**Data block:**
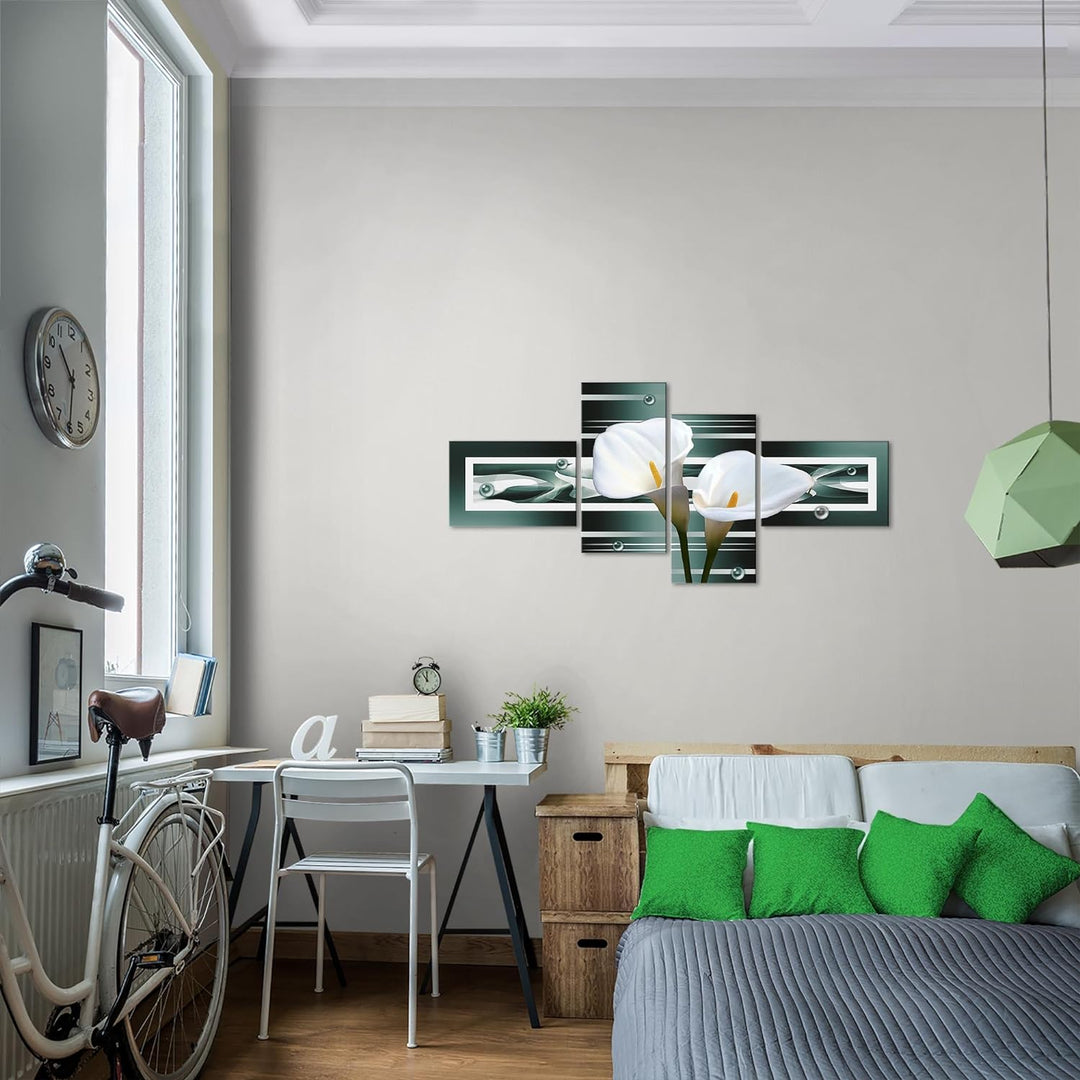 Runa Art Bild Modern Blumen Calla - Made in Germany - Wandbilder Abstrakt Türkis Weiss 4 Teilig 2026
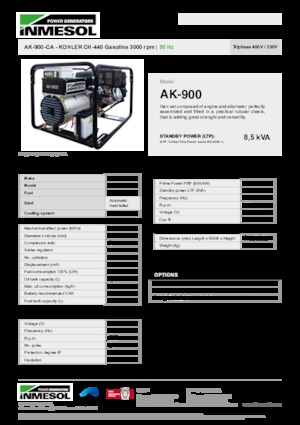 Benzines generátorok INMESOL AK-900-CA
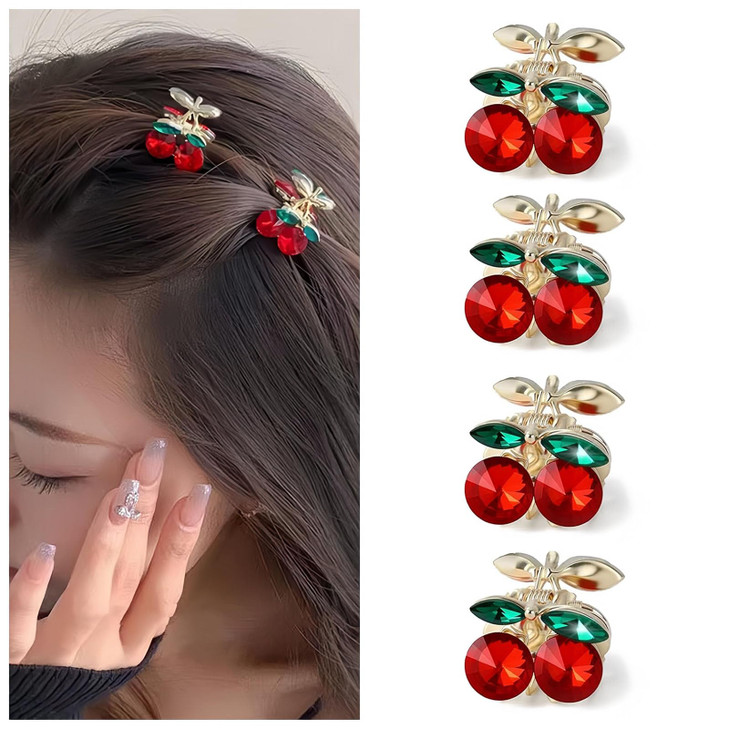 Metal Strip Drill Mini Cherry Hair Clips Cute Rhinestone Claw Clips For Women Girls Small Cherry Claw Clip For Half Up Styles Ponytail Clip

**Work instructions:** Return exactly the lines running from the line with "Benzines generátorok INMESOL AK-900-CA" through the final line of the listing. Leave the pictures out.

**Response below:**
 Benzines generátorok INMESOL AK-900-CA
 Metal Strip Drill Mini Cherry Hair Clips Cute Rhinestone Claw Clips For Women Girls Small Cherry Claw Clip For Half Up Styles Ponytail Clip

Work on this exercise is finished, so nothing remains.